Normally you convert a model by using convert() without using the compute_units parameter. In most cases you don’t need it, because the converter picks the default optimized path for fast execution while loading the model. The default setting (ComputeUnit.ALL) uses all compute units available, including the Neural Engine (NE), the CPU, and the graphics processing unit (GPU). Whether you are using ML programs or neural networks, the defaults for conversion and prediction are picked to execute the model in the most performant way, as described in Typed Execution.

However, you may find it useful, especially for debugging, to specify the actual compute units when converting or loading a model by using the compute_units parameter. The parameter is based on the MLComputeUnits enumeration in the Swift developer language — compute units are employed when loading a Core ML model, taking in MLmodelConfiguration which includes compute units. Therefore, both the MLModel class and convert() provide the compute_units parameter.
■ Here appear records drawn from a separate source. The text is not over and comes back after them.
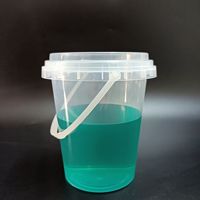 Seau en plastique transparent PP de qualité alimentaire SP2409 avec poignée et couvercle, grande capacité, jetable, pour fruits, thé, bubble tea, à emporter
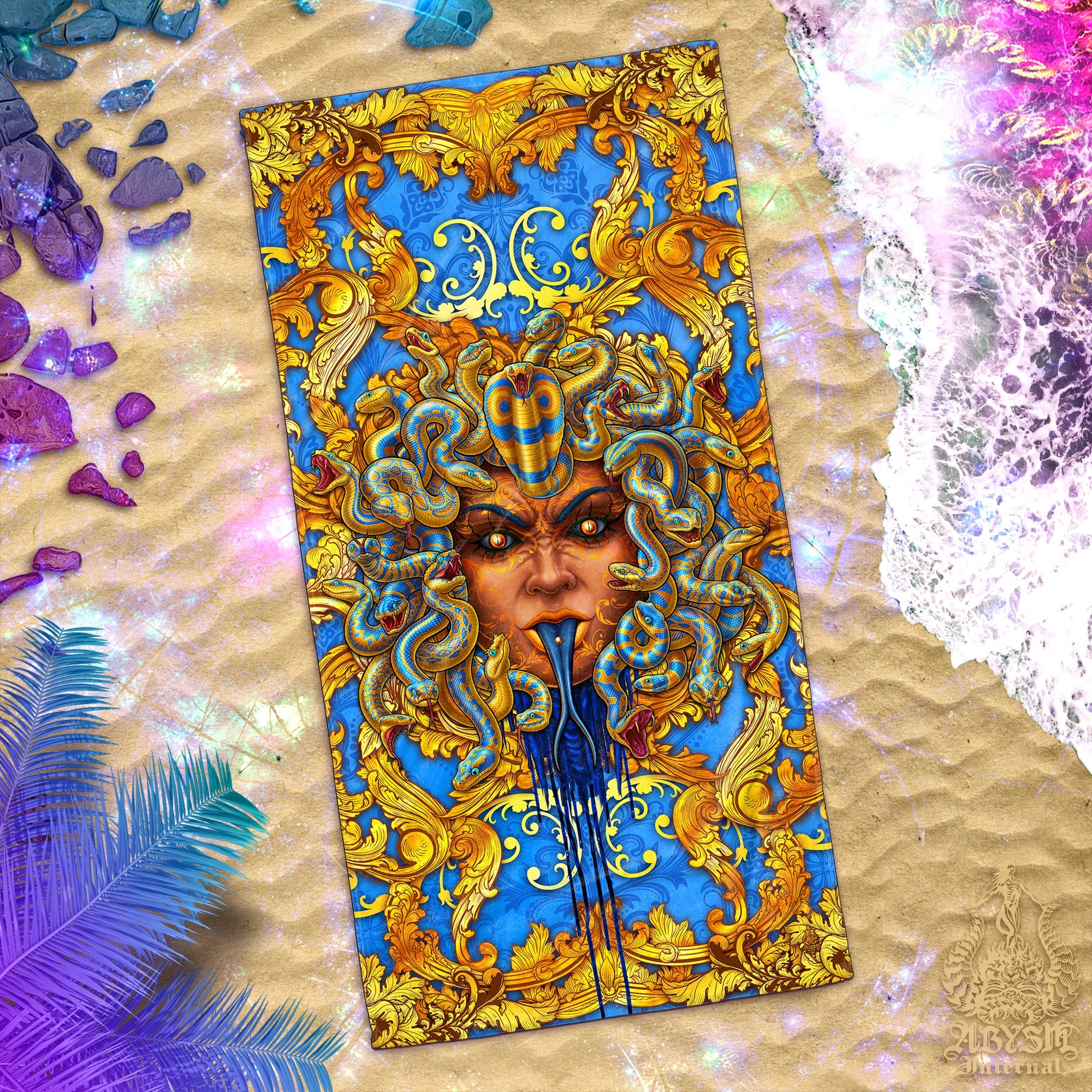 Psychedelic Beach Towel, Psy Medusa, Rave Snakes - Cyan, Gold, Nature, Ash, 4 Colors, Faces - Abysm Internal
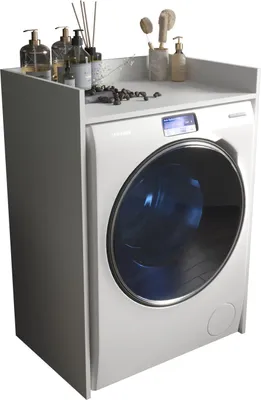 Produktbild von Waschmaschinenschrank Überbauschrank Waschmaschine Trockner Schrank Wäschetrockner Küche Badezimmer Regal Waschmaschinenregal Waschmaschinenüberbau Badezimmermöbel OTIS Weiß matt
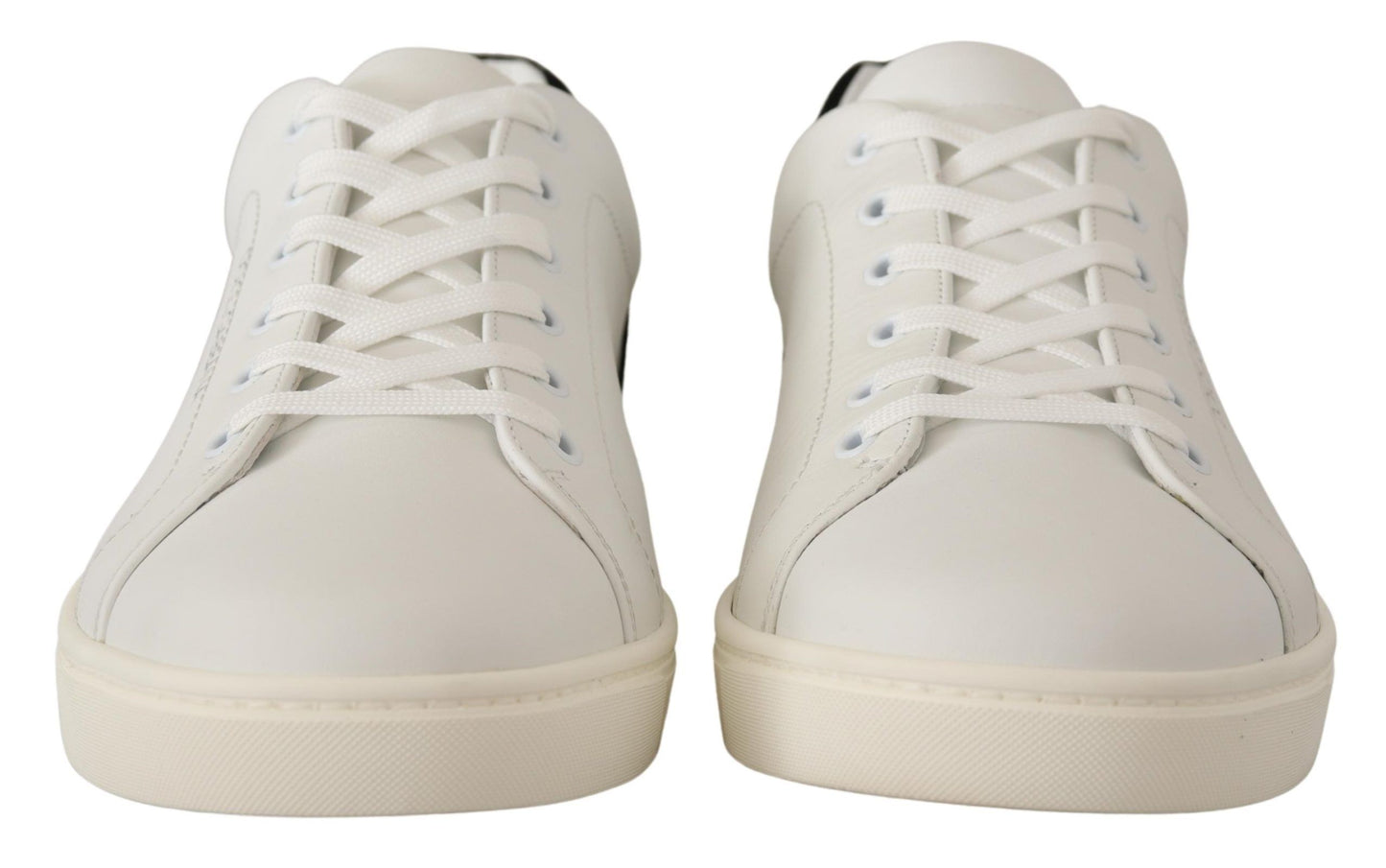 Dolce & Gabbana Elegant White Leather Low-Top Sneakers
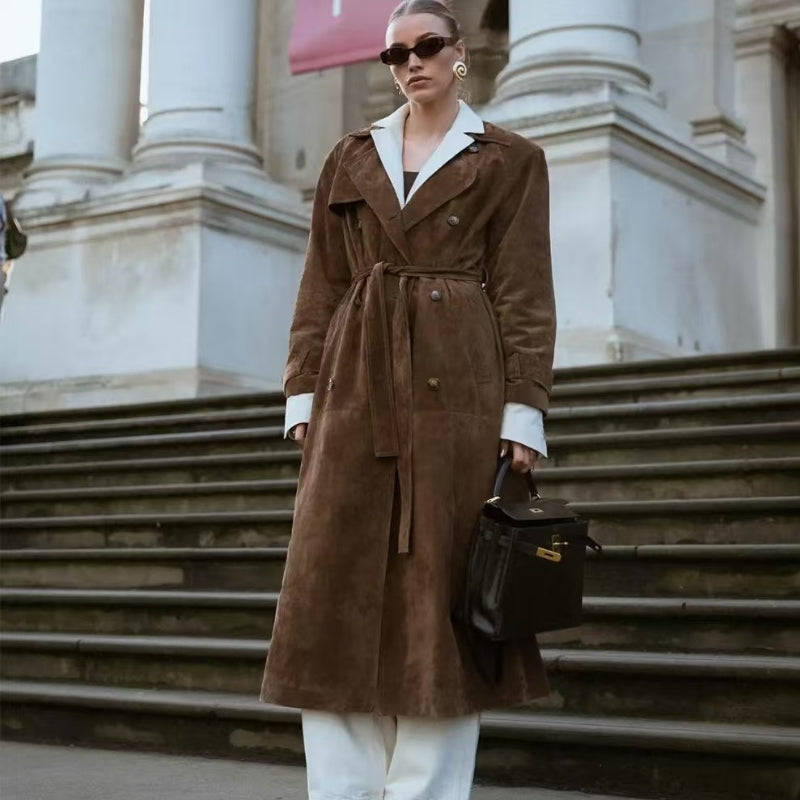 Marisa – Long Sleeve Jacket with Adjustable Belt and Down Collar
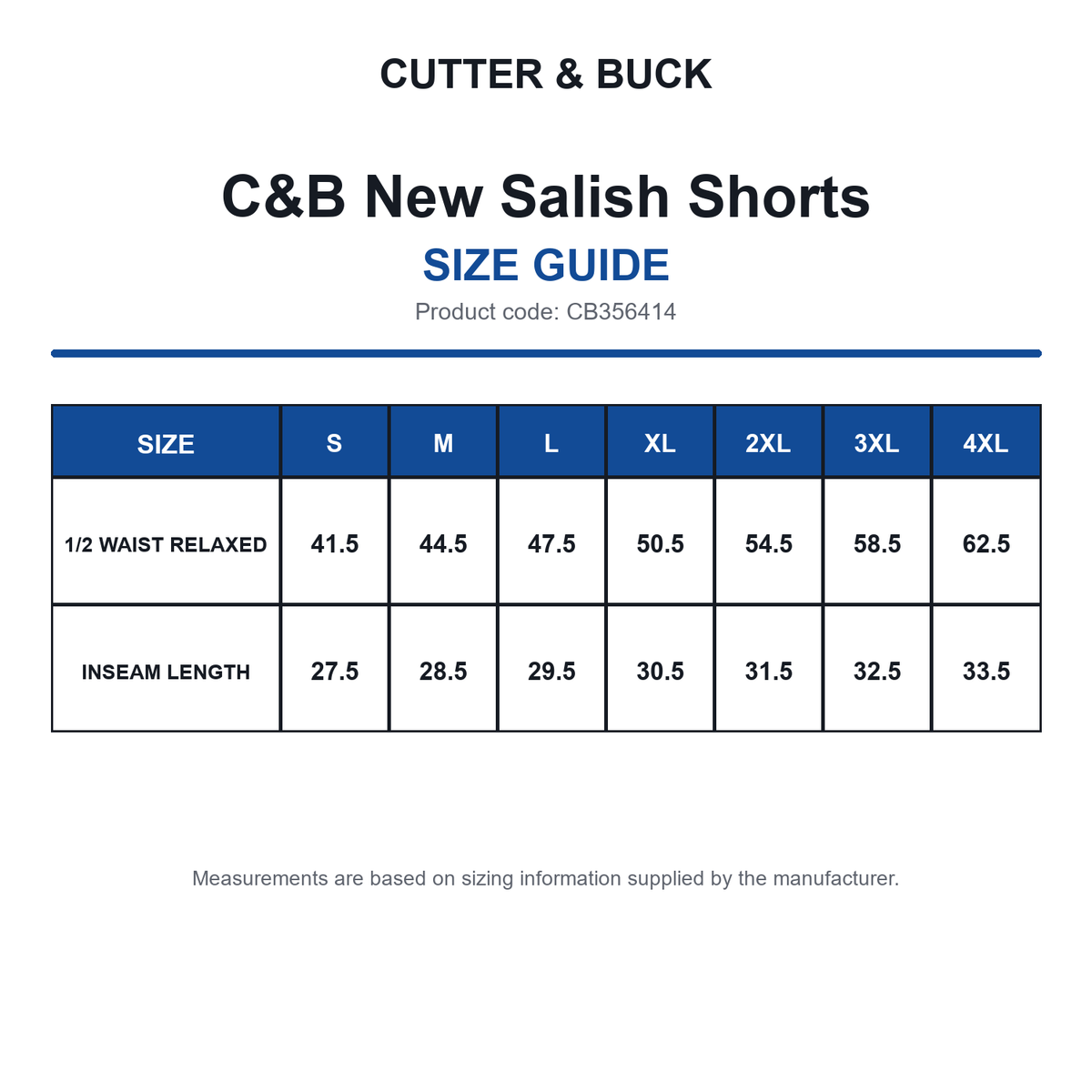 CB356414 C&B New Salish Shorts size guide (CB356414)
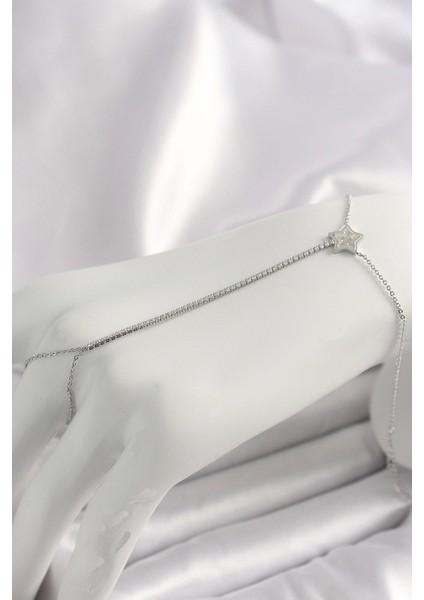 Pirinç Gümüş Renk Su Yolu Zirkon Taşlı Yıldız Model Kadın Şahmeran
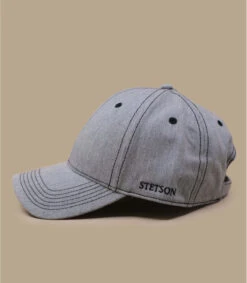 Stetson Baseball Cap Cotton Melange Light Grey -Mode Chapeaux Magasin baseball cap cotton melange light grey 3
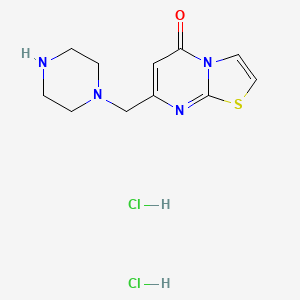 molecular formula C11H16Cl2N4OS B2959326 7-(piperazin-1-ylmethyl)-5H-[1,3]thiazolo[3,2-a]pyrimidin-5-one dihydrochloride CAS No. 1177276-52-6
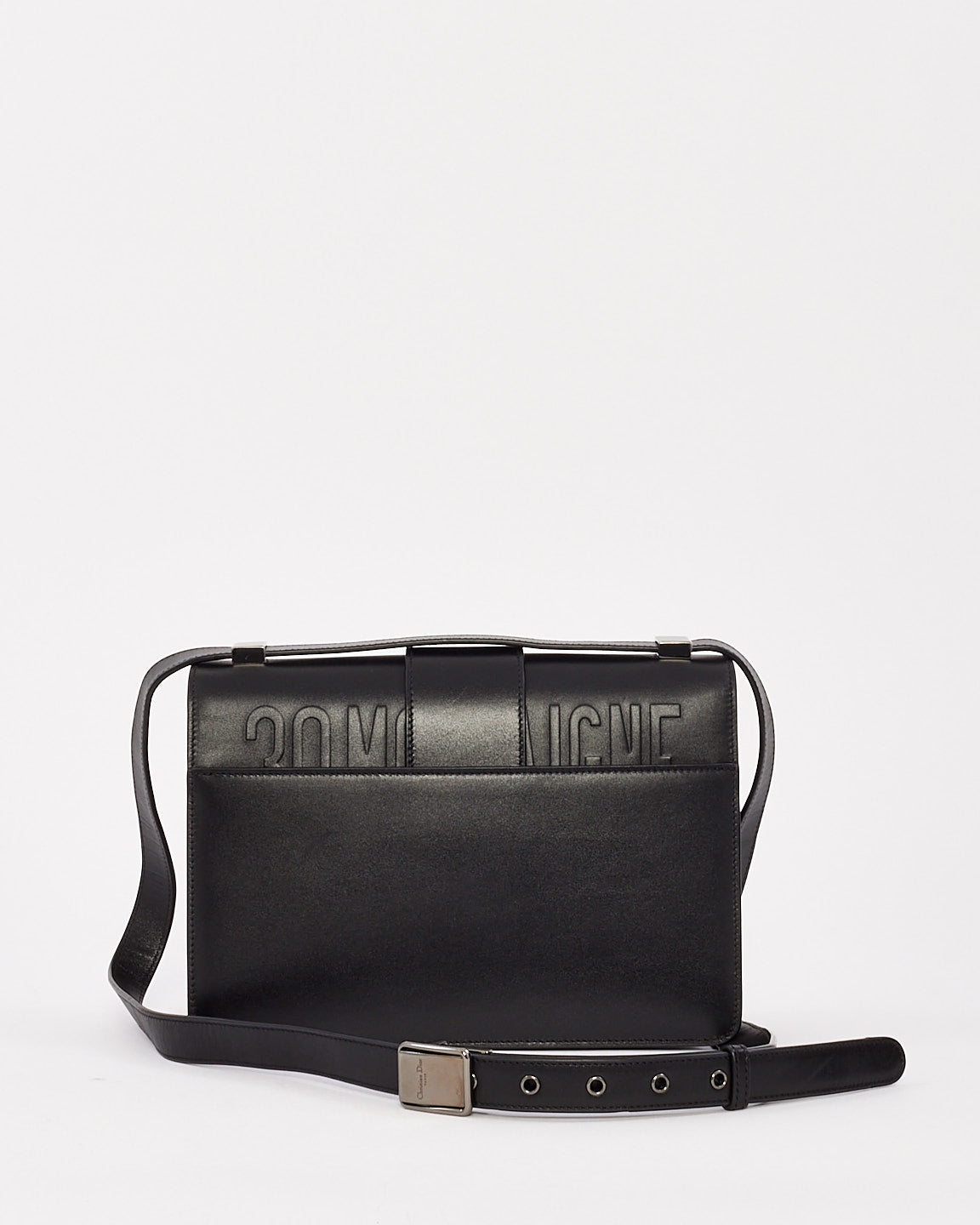 Dior Black Smooth Leather 30 Montaigne Bag with Black Hardware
The compute_units parameter can have the following values:

  • coremltools.ComputeUnit.CPU_ONLY: Limit the model to use only the CPU.

  • coremltools.ComputeUnit.CPU_AND_GPU: Use both the CPU and GPU, but not the NE.

  • coremltools.ComputeUnit.CPU_AND_NE: Use both the CPU and NE, but not the GPU.

  • coremltools.ComputeUnit.ALL: The default setting uses all compute units available, including the NE, CPU, and GPU.

For example, the following converts the model and sets the compute_units to CPU only:

model = ct.convert(tf_model, compute_units=ct.ComputeUnit.CPU_ONLY)

For details on how to use this parameter with neural networks, see Neural Network Untyped Tensors. For details on using it with ML programs, see ML Program Typed Tensors.